Parti d’une guerre civile, le conflit, de local, dégénère, se régionalise, avec l’entrée en scène de l’ONU, l’arrivée des Américains et des contingents étrangers (dont un contingent français, qui se fait remarquer par une charge à la baïonnette), ainsi que, à partir d’octobre 1950, des premiers «volontaires» de l’armée populaire chinoise. C’est tout l’enjeu de cette étude de souligner cette dimension de guerre transitionnelle. Car la guerre, indiscutablement «nouvelle», a pourtant des accents connus, jusque dans les débats engagés (les crimes de guerre nord coréens, la question de l’usage des armes bactériologiques par l’armée américaine, qui renvoie aux exactions japonaises de la guerre précédente). On y retrouve du reste la figure charismatique d’un Mac Arthur, véritable proconsul américain en Asie (du moins jusqu’à sa mise à l’écart) et l’on comprend mieux la virulence des attaques politiques contre le général Ridgway, son successeur, qui parvint à inverser la situation, critique, de 1951. Car la guerre fut également un duel de propagande, une dimension désormais intégrée à la bataille, et explorée dans l’ouvrage, débats compris.

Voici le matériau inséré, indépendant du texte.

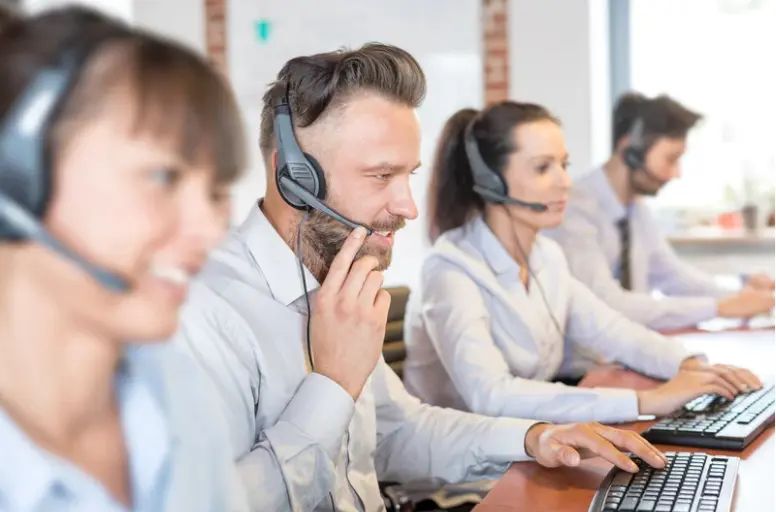 Déviation d’appel utilisée pour orienter les clients vers des solutions digitales efficaces et réduire la pression sur les centres d’appels.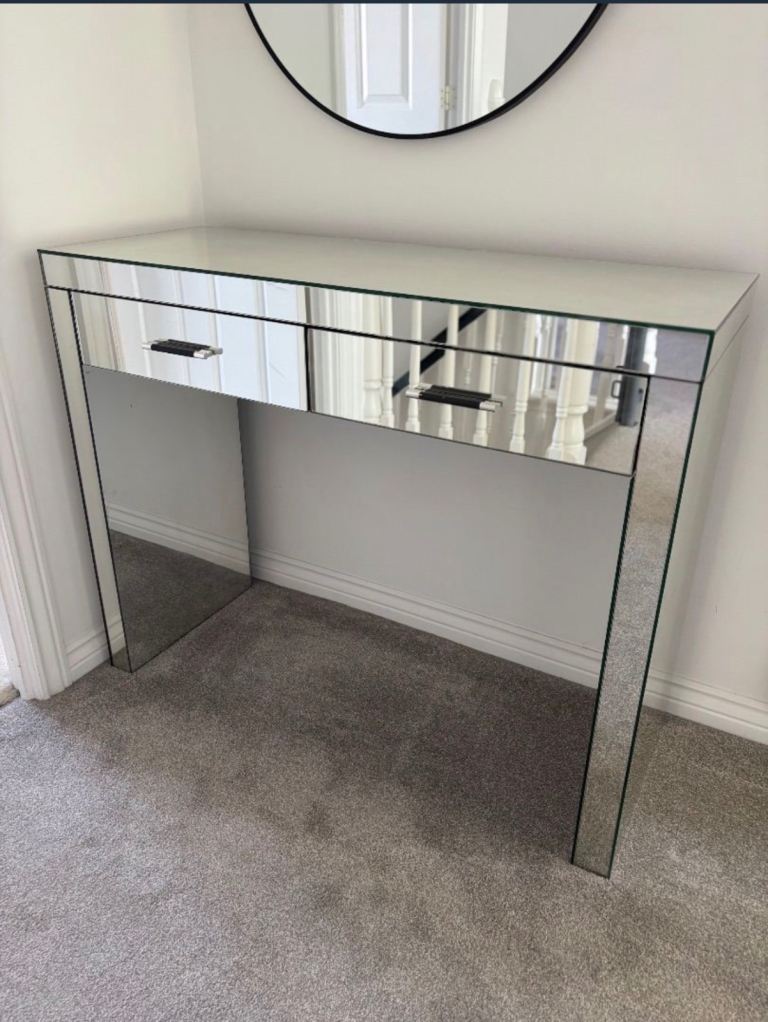 Mirrored Console Table with Drawers – Good Condition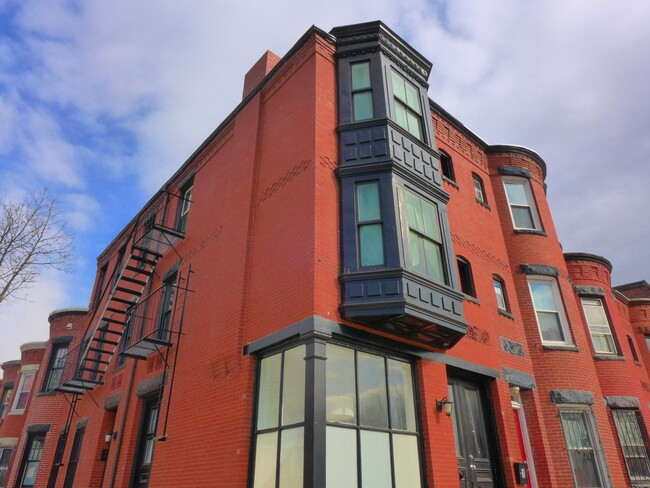 83 Windsor St, Unit 2 in Boston, MA - Foto de edificio - Building Photo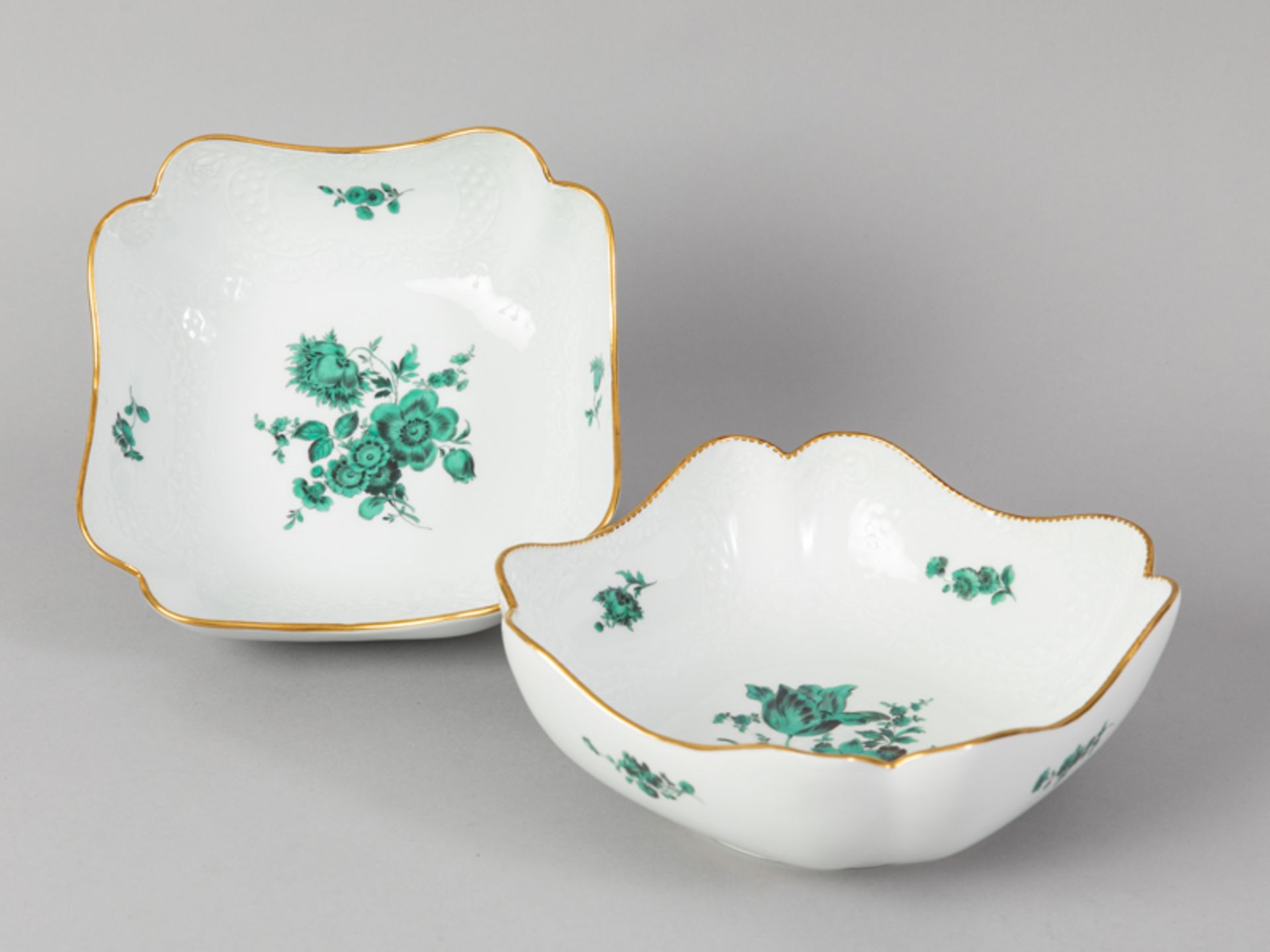 Paar große Servier-Schalen, "Neu-Marseille/kupfergrüne Blumen", Meissen, 20. Jh. - Image 2 of 3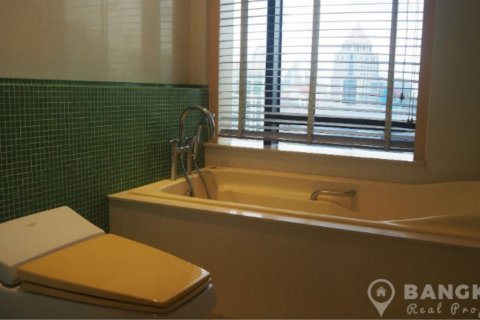 Condo in Bangkok, Thailand, 3 bedrooms  № 28949 - photo 19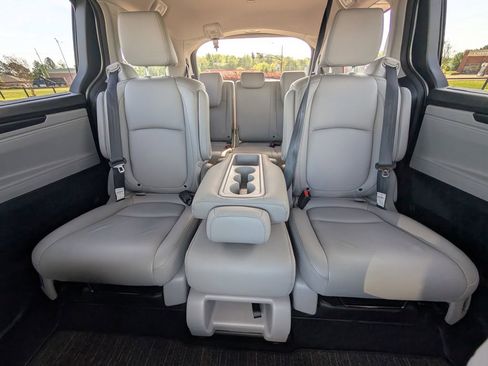 Used 2024 Honda Odyssey Touring image 13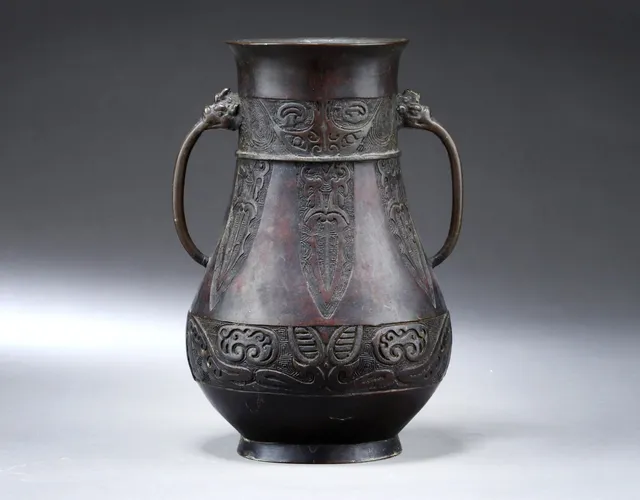 Kinesisk vase af bronze med reliefmønster, 1800-tallet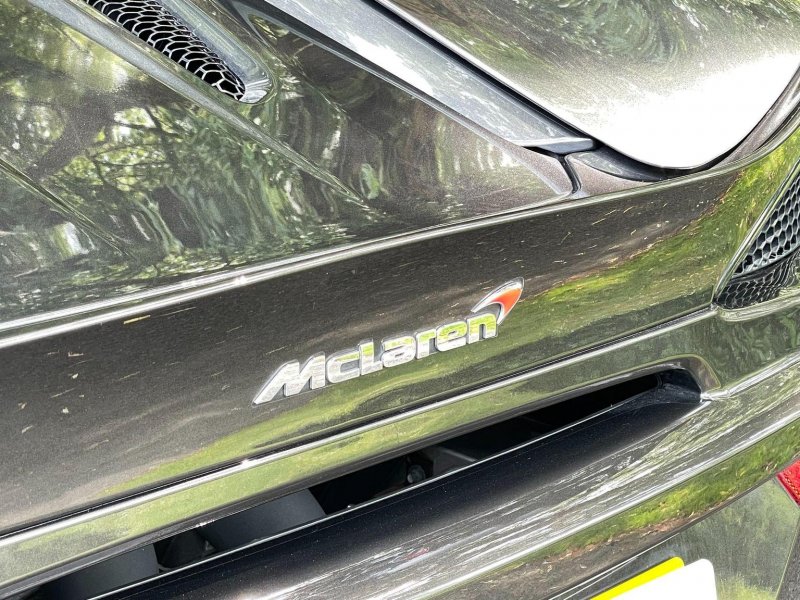MCLAREN 570S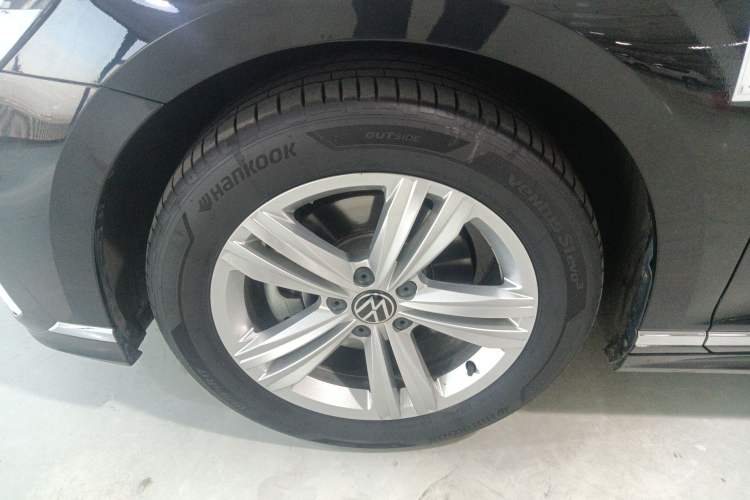 Used Volkswagen Magotan 2025 Zhongxiang Version 280TSI DSG Comfort Edition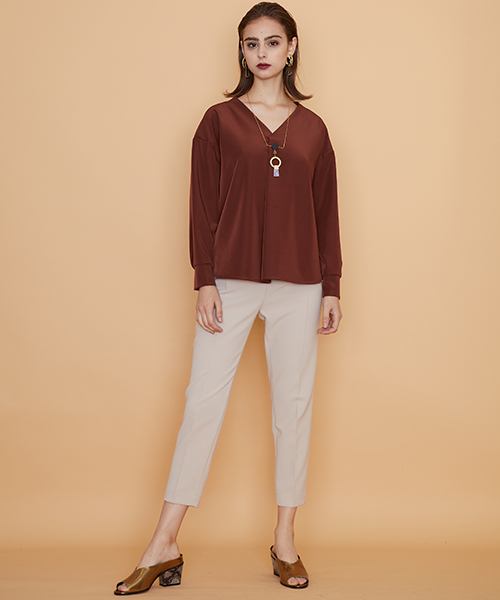 UNITED TOKYO（ユナイテッドトウキョウ）の「ワンタックテーパードパンツ（スラックス・レディース・カーキ/ベージュ/ブラック/バーガンディー/ブラウン・2/1）」の10枚目の写真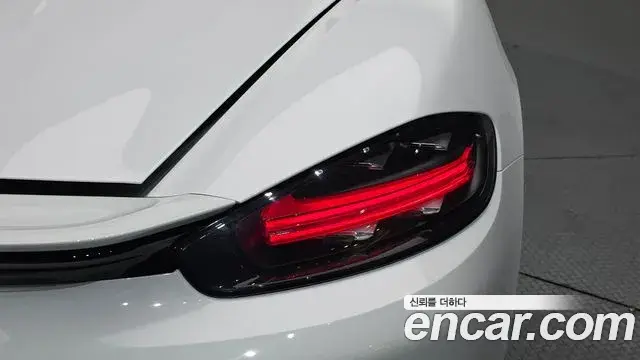 Porsche 718 Boxster 2020 — Photo 5/33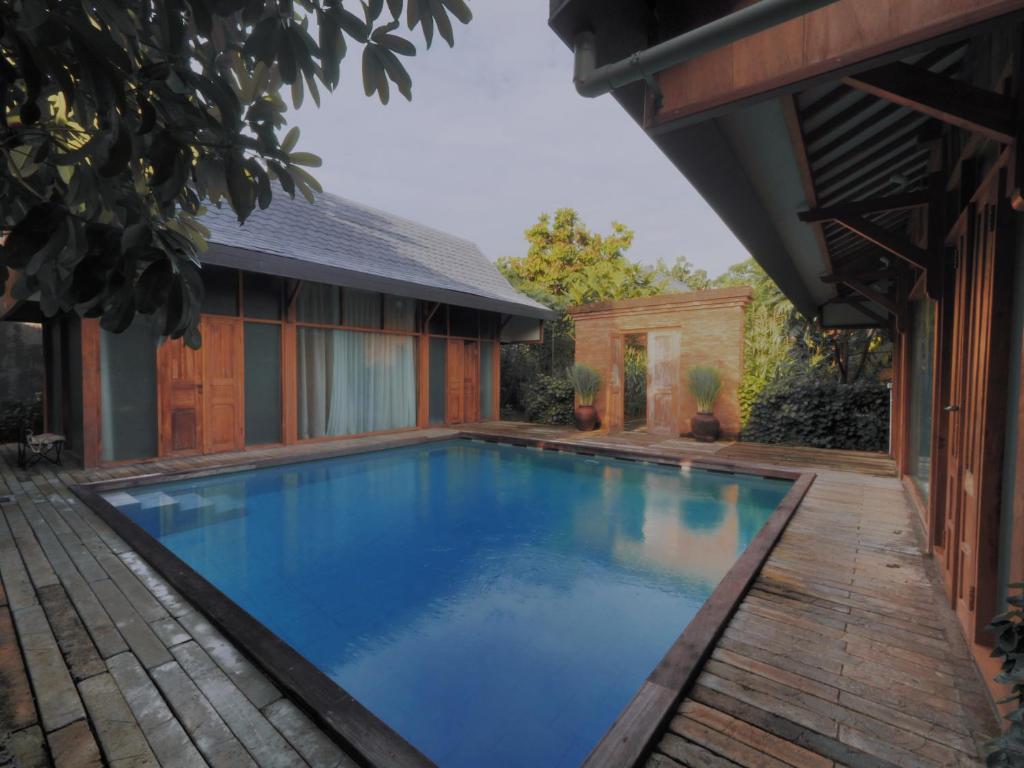 梭罗Ayom Java Village Solo的一座房子后院的游泳池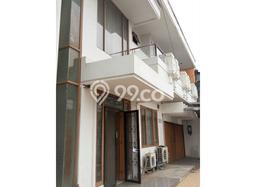 Rumah Siap Huni lokasi Kelapa Gading, Jakarta Utara, LT 350m² LB 450m² Rumah Siap Huni lokasi Kelapa Gading, Jakarta Utara, LT 350m² LB 450m²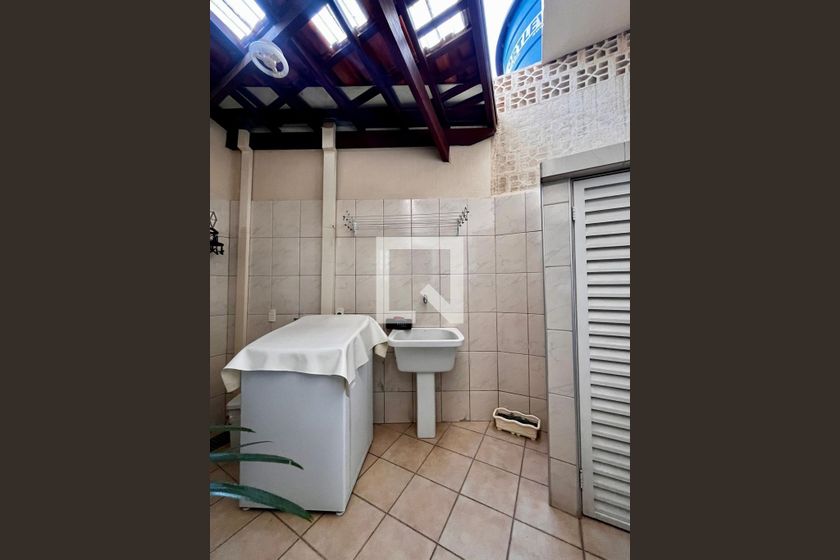 Casa à Venda - Taquaral, 4 Quartos,  170 m2 em , Campinas - sp | SoloBR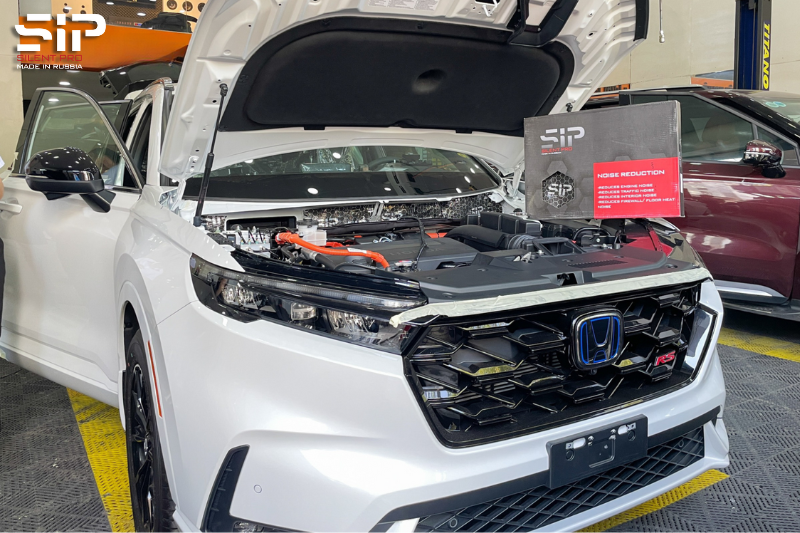 Dán cách âm SIP tại vị trí khoang máy ô tô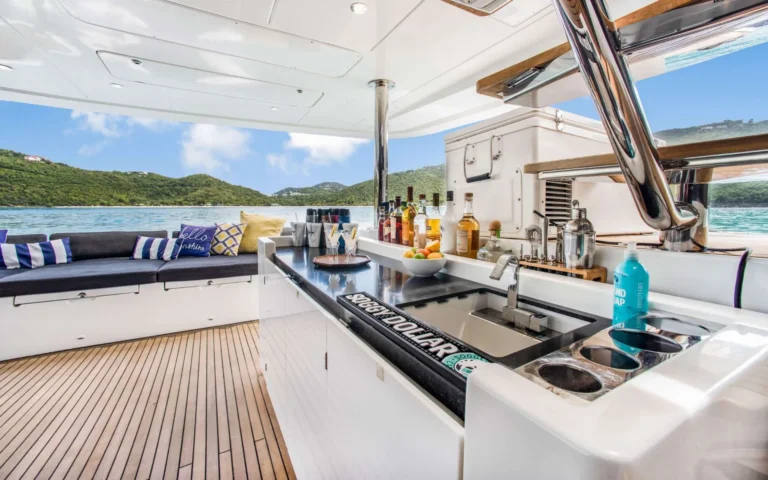 Lagoon 630 ULTRA – Flybridge bar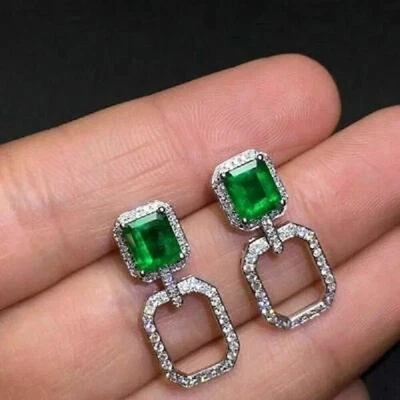 Pendientes colgantes y colgantes de corte esmeralda natural de 4,5 quilates enchapados en oro blanco de 14 quilates Foto 1 de 4
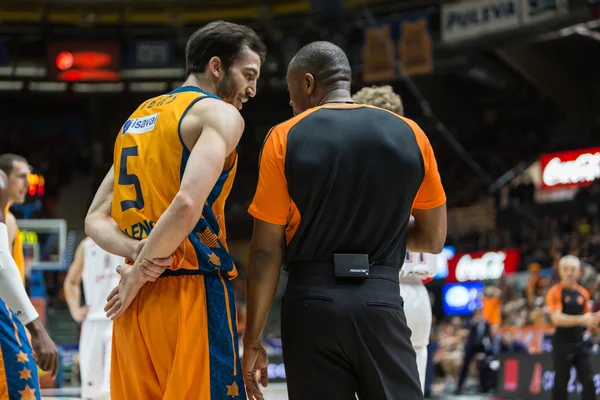 Pau Ribas (L) and referee during the game — Stock Photo, Image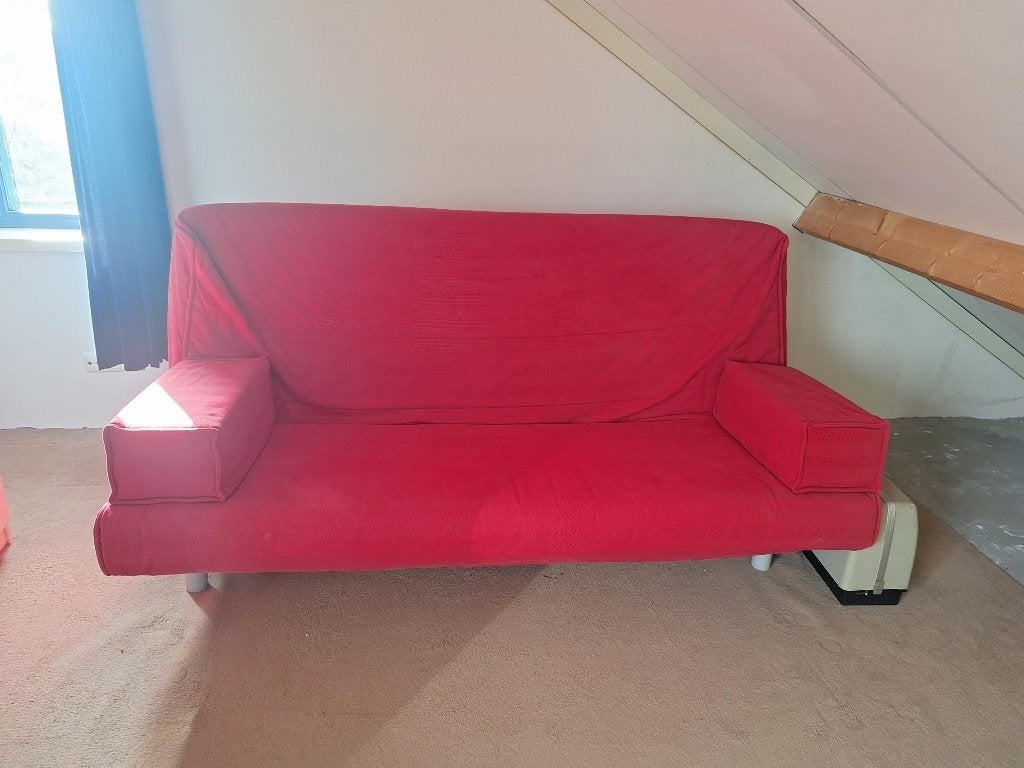 IKEA Beddinge slaapbank met rode stoffen hoes, Huis en Inrichting, Slaapkamer | Slaapbanken, Ophalen, Gebruikt, Tweepersoons, 140 cm
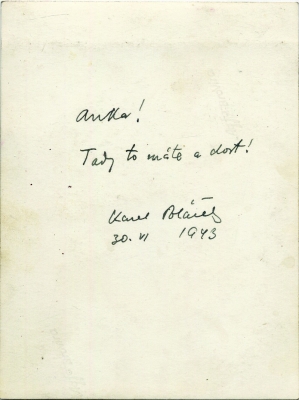 Foto KP s věnováním
A. Vlkové před nástupem
do transportu, 30. 6. 1943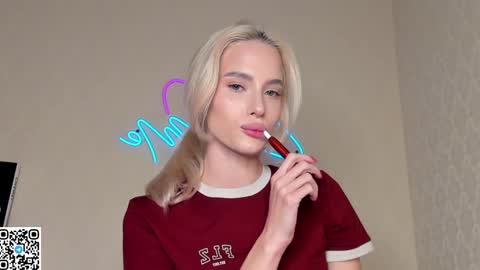 Snapshot of katebremar chatting on 12, 12, 2024 online show from 12, 12, 2024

De facture très classique, l’ouvrage défriche largement une historiographie anglo-saxonne ample. A cet égard, il fixe les grandes lignes du conflit, analyse les forces en présence et décrit, assez minutieusement (voire sèchement) les péripéties et scansions tactiques de la longue guerre coréenne, en entrecroisant au passage les points de vue (militaire, politique, diplomatique, etc.). La synthèse est, de fait, efficace, on ne se perd pas trop dans les mouvements des unités (en dépit d’un appareil cartographique plutôt mince), et l’ensemble offre du conflit une vue large, même si l’angle américain est, faute d’archives nord coréennes, privilégié.

De ce fait, cet ouvrage se range dans cette «nouvelle histoire bataille», une histoire militaire qui sait prendre du champ pour saisir la dynamique politique du conflit autant que les enjeux stratégiques des mouvements des armées. On regrettera peut-être que l’auteur ne se soit pas davantage promené au ras du sol, au cœur du combat et parmi les troupes ou la population : la dimension anthropologique et culturelle, abordée sous l’angle des représentations de l’adversaire, reste à développer, de même que la situation des civils, esquissée. Mais cet ouvrage synthétique est le bienvenu, complétant une toujours maigre bibliographie francophone sur la question.